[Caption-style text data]
....

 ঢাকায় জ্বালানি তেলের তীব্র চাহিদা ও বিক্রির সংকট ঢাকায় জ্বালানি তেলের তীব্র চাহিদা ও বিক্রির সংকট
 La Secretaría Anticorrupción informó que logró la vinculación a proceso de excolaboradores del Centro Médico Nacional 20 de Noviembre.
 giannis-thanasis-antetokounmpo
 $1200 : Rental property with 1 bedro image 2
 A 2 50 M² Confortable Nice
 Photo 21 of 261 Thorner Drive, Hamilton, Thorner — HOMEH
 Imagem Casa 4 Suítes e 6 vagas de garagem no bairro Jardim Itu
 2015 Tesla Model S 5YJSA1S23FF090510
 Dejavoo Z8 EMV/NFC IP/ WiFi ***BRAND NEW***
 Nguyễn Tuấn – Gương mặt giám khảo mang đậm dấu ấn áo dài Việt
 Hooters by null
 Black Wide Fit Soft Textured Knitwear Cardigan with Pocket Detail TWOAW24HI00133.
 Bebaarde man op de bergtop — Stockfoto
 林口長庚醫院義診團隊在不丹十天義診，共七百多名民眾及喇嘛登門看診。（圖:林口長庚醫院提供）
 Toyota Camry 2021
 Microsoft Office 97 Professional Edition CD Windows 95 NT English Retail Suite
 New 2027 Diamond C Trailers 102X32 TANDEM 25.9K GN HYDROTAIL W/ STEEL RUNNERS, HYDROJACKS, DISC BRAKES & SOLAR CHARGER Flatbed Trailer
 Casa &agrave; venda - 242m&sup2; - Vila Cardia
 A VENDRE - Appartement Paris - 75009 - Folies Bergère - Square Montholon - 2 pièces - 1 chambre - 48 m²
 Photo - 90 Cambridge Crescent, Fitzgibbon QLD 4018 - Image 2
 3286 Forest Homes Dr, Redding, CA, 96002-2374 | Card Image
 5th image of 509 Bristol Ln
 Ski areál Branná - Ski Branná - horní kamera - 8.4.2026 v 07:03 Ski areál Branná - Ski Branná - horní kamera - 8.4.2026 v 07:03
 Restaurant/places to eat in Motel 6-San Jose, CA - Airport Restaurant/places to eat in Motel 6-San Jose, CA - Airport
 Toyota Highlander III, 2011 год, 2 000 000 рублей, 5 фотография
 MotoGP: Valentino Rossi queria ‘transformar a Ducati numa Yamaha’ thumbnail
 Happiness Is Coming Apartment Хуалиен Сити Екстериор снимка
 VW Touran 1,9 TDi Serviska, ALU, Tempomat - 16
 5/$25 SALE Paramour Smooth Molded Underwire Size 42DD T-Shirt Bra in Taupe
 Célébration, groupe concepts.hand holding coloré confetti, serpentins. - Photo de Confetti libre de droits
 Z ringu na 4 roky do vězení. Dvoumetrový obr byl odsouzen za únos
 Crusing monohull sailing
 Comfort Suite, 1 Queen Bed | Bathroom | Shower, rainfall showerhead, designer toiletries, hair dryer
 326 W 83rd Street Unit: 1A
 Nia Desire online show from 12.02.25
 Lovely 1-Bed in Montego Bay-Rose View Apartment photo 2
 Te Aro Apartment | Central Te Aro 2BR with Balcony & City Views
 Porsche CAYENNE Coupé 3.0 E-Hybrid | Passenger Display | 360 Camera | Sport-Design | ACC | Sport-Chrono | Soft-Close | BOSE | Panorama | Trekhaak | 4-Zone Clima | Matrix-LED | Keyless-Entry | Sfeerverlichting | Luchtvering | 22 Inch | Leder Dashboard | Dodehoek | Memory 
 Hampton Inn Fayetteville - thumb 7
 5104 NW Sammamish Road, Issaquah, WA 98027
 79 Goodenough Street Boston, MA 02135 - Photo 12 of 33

....

=== Assigned task ===
Give again the closing portion of the entries, from the line with "Comfort Suite, 1" through the last line. Keep it exact and add nothing.

=== Solution for this problem ===
 Comfort Suite, 1 Queen Bed | Bathroom | Shower, rainfall showerhead, designer toiletries, hair dryer
 326 W 83rd Street Unit: 1A
 Nia Desire online show from 12.02.25
 Lovely 1-Bed in Montego Bay-Rose View Apartment photo 2
 Te Aro Apartment | Central Te Aro 2BR with Balcony & City Views
 Porsche CAYENNE Coupé 3.0 E-Hybrid | Passenger Display | 360 Camera | Sport-Design | ACC | Sport-Chrono | Soft-Close | BOSE | Panorama | Trekhaak | 4-Zone Clima | Matrix-LED | Keyless-Entry | Sfeerverlichting | Luchtvering | 22 Inch | Leder Dashboard | Dodehoek | Memory 
 Hampton Inn Fayetteville - thumb 7
 5104 NW Sammamish Road, Issaquah, WA 98027
 79 Goodenough Street Boston, MA 02135 - Photo 12 of 33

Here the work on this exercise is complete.